In today’s deeply interconnected world, we need rules and institutions to govern markets and economic activity more than ever. Yet multilateralism is under increasing strain, and the lack of a clear and consistent means for assessing changing global power dynamics is not helping.

WASHINGTON, DC – It is often said that the unipolar world order, dominated by the United States, that emerged at the end of the Cold War has lately shifted to a “multipolar” arrangement, owing to the growing geopolitical “weight” of countries such as China, as well as many emerging economies. But the actual metrics by which we weigh global powers are typically discussed in only vague terms, if at all.
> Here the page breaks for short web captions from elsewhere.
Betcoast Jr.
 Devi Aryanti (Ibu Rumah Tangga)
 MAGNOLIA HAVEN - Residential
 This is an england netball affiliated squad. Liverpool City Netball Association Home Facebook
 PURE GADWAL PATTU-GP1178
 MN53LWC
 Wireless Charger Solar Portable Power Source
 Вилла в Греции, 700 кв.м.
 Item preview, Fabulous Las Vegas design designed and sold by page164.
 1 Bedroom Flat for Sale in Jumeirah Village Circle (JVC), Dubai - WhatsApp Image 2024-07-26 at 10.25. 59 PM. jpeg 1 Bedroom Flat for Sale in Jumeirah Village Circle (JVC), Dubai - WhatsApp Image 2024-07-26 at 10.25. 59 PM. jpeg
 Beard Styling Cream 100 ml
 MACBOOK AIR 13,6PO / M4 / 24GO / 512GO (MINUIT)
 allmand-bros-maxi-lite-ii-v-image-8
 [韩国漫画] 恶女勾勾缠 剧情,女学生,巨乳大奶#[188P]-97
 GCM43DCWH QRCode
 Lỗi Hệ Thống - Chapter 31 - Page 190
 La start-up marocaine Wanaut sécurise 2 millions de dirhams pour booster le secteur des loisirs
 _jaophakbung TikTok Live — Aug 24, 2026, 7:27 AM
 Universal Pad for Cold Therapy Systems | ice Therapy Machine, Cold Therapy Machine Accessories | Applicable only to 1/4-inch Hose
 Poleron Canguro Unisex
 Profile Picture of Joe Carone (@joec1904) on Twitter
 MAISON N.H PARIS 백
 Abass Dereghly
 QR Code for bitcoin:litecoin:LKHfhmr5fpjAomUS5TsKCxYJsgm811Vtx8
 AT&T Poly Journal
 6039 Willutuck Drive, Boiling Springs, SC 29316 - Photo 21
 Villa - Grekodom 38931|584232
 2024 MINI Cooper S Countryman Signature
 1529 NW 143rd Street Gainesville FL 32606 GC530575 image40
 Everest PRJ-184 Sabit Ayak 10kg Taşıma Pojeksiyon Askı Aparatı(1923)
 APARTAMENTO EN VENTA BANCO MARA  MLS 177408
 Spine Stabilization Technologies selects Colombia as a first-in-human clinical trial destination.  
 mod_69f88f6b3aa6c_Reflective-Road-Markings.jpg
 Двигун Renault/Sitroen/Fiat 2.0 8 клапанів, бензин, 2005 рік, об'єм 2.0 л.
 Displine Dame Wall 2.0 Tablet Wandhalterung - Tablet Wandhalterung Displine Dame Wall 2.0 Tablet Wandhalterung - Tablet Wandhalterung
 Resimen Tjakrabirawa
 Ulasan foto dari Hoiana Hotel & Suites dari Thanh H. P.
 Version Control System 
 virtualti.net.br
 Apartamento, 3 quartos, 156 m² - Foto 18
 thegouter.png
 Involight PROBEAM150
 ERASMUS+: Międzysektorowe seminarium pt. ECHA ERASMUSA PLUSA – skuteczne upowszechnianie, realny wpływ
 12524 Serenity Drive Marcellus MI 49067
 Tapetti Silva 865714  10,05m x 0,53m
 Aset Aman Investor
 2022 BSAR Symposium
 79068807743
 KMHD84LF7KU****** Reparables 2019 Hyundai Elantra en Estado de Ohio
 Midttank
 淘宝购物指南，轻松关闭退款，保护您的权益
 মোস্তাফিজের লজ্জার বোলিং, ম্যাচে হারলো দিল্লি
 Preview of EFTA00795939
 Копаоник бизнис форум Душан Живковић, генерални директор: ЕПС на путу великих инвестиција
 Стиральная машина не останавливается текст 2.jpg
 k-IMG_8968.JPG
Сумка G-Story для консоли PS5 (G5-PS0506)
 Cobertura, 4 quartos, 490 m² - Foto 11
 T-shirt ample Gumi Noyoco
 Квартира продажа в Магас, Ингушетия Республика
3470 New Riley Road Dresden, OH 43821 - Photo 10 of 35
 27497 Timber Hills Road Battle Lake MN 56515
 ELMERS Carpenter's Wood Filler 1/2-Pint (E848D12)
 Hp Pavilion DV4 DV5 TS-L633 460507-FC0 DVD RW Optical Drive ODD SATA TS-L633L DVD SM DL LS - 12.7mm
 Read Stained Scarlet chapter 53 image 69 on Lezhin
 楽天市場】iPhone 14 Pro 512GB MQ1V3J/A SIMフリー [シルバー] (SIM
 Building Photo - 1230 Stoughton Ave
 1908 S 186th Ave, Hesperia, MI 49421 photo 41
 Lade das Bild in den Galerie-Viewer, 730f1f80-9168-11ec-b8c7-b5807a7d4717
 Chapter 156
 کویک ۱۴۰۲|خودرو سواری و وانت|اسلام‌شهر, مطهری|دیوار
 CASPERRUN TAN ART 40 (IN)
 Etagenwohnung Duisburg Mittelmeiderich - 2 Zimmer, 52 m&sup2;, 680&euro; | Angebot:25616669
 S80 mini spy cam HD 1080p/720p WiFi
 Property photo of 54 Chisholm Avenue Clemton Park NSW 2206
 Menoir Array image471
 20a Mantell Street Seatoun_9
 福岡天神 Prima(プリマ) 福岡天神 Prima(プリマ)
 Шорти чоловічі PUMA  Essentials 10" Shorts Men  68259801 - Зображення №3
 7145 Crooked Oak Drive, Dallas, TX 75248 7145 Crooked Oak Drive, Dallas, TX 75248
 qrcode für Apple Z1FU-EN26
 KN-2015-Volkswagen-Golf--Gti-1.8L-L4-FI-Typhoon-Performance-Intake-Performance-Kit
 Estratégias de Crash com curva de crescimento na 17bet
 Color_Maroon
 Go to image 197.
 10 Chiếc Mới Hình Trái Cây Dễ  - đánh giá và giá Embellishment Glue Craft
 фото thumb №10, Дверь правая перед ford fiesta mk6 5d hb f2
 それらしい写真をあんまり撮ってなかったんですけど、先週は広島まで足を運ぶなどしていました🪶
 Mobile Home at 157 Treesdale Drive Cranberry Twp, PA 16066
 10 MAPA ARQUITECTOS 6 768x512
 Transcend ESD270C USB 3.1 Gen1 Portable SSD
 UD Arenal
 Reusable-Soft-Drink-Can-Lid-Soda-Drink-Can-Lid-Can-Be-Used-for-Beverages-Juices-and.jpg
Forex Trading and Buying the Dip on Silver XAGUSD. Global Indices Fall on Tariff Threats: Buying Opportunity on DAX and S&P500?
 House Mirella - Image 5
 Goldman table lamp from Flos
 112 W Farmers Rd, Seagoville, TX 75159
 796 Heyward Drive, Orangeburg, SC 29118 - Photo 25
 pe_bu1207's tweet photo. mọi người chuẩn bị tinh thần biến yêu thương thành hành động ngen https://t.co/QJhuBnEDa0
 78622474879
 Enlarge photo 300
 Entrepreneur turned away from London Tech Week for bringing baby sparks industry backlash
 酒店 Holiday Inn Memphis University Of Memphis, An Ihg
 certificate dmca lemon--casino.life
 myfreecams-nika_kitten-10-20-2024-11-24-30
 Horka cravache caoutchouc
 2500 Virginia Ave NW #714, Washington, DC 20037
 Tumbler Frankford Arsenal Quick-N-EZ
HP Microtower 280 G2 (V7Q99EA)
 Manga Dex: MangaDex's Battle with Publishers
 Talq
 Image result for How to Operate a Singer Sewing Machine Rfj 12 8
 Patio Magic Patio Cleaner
There is no agreed scale with which to measure a country’s international weight relative to others. For example, the International Monetary Fund and the World Bank use economic metrics, such as GDP and trade volumes, that are not standardized across other institutions. The United Nations does not even use the same metrics across all of its agencies: in the General Assembly, every country is weighted equally, and there are no veto rights; in the Security Council, the five permanent members (China, France, Russia, the United Kingdom, and the US) have veto rights.

At a time when multilateralism is under increasing strain, it is useful to understand the underlying shift in key weights and try to judge how much of what we are experiencing reflects structural shifts in these weights and how much is simply due to independent policy changes.